TASK TO COMPLETE —
Copy word for word the line containing "Hi students, welcome" together with all lines following it to the end of the listing below, without the pictures.

STORED DATA —
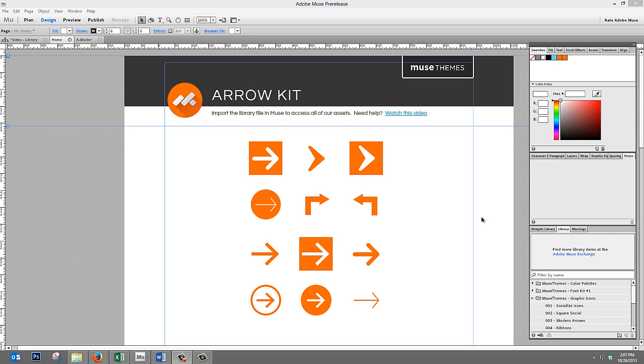You're seeing lots of Muse users on the web recolor elements directly within a Muse site without having to go into Photoshop or Illustrator, and there's a real kind of sneaky trick to do this.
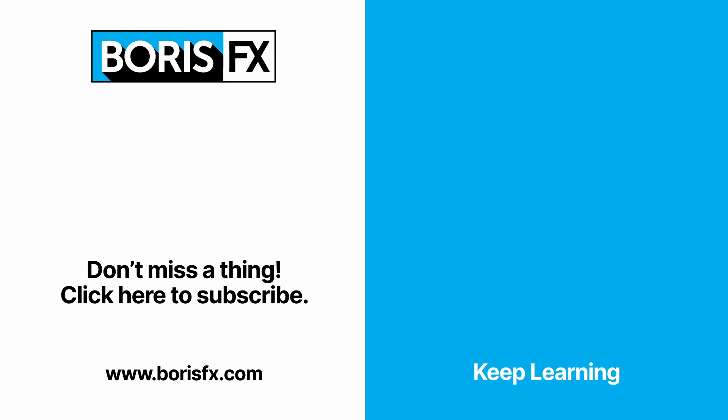To learn more about Optics, subscribe to the Boris FX YouTube channel or head over to the Boris FX training pages at borisfx.com, where you'll also be able to download a free trial version of Optics. Thanks.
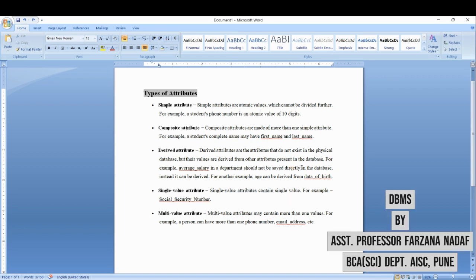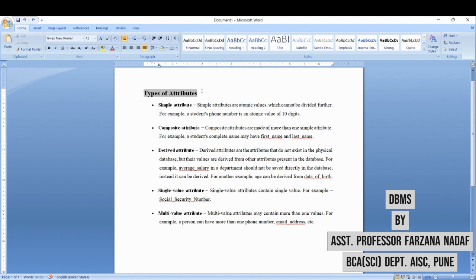Hi students, welcome back to our video series on database management system. Today we will discuss types of attributes. As we all know, attributes are nothing but the properties of an entity. For example, student is my entity, so student roll number, student name, student class, student contact number, address will be the attributes of students.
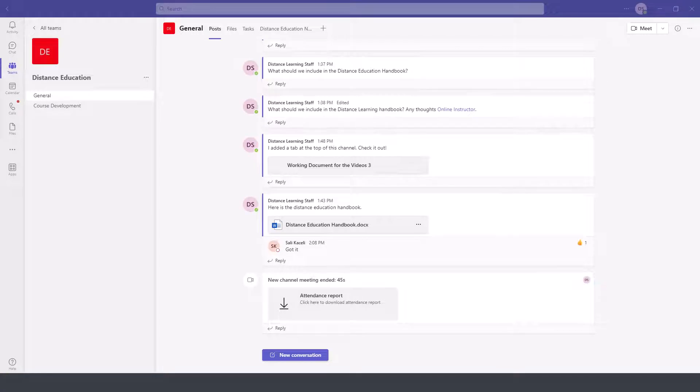In this module of the Microsoft Teams tutorial, I'll demonstrate how to use the calendar option in conjunction with video conferencing in Microsoft Teams.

OUTPUT OF THE TASK —
Hi students, welcome back to our video series on database management system. Today we will discuss types of attributes. As we all know, attributes are nothing but the properties of an entity. For example, student is my entity, so student roll number, student name, student class, student contact number, address will be the attributes of students.
In this module of the Microsoft Teams tutorial, I'll demonstrate how to use the calendar option in conjunction with video conferencing in Microsoft Teams.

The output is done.